Les nouveaux enseignants soutiennent qu’il est de plus en plus difficile de trouver du travail. Trois ans après leur certification, la plupart auront trouvé un poste à temps plein. Pour les enseignants formés à l’étranger, cette période est plus longue.

«Les enseignants spécialisés dans les matières très en demande ont 50 % plus de chances de se trouver un emploi immédiatement après la fin de leurs études», précise M. Wilson.

On note aussi que les conseils scolaires n’arrivent pas à combler les postes de direction. Au cours des dix dernières années, environ 1 000 enseignants par année ont suivi le programme menant à la qualification de directrice ou de directeur d’école. Toutefois, depuis quelque temps, l’Ordre a dû accorder annuellement près de 175 approbations temporaires à des conseils scolaires incapables de trouver des directeurs d’école et des directeurs adjoints. Cette pénurie est encore plus flagrante dans les conseils scolaires francophones.

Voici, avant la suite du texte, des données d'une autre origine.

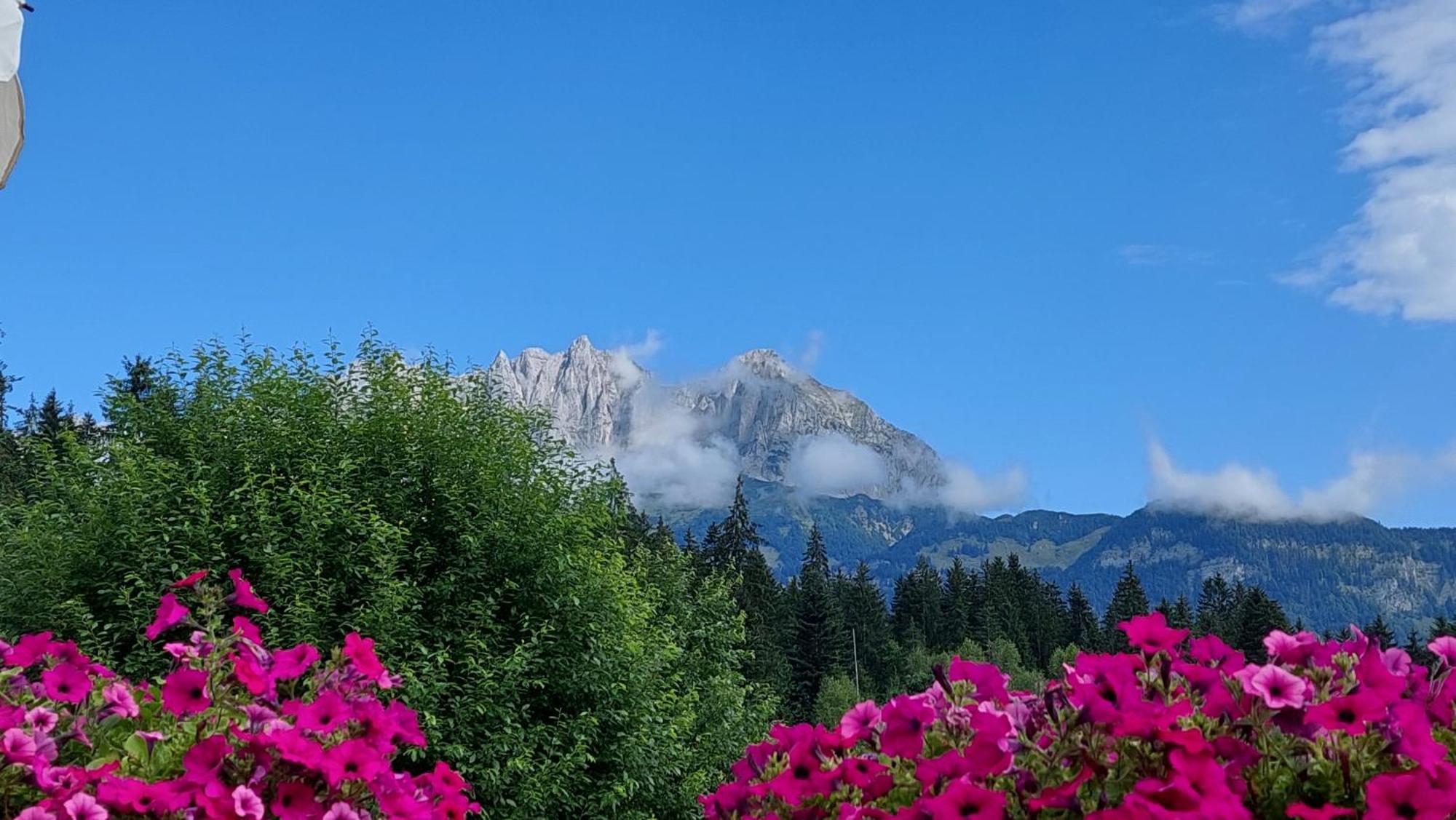 Gartenhotel Rosenhof Bei Kitzbuehel Oberndorf in Tirol Eksteriør bilde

Frank McIntyre, auteur du rapport, affirme que la pénurie dans les matières spécialisées pourrait être résorbée si le gouvernement et les facultés prenaient des mesures aussi efficaces que celles qui avaient été entreprises pour combattre la pénurie générale d’enseignants.

«Grâce à un recrutement ciblé et du soutien, nous pourrions soulager les tensions qui affligent les conseils scolaires, souligne Marilyn Laframboise, présidente de l’Ordre. Il faut faire davantage d’efforts pour attirer et appuyer les étudiantes et étudiants francophones, les enseignantes et enseignants de sciences, de mathématiques et de technologie.»

L’Ordre des enseignantes et des enseignants de l’Ontario a pour mandat de réglementer la profession enseignante dans l’intérêt du public. Il établit des normes d’exercice et de déontologie, mène des audiences disciplinaires et agrée des programmes de formation professionnelle pour ses 195 000 membres travaillant au sein d’écoles et d’établissements financés par les fonds publics de la province. L’Ordre est l’organisme d’autoréglementation qui compte le plus grand nombre de membres au Canada.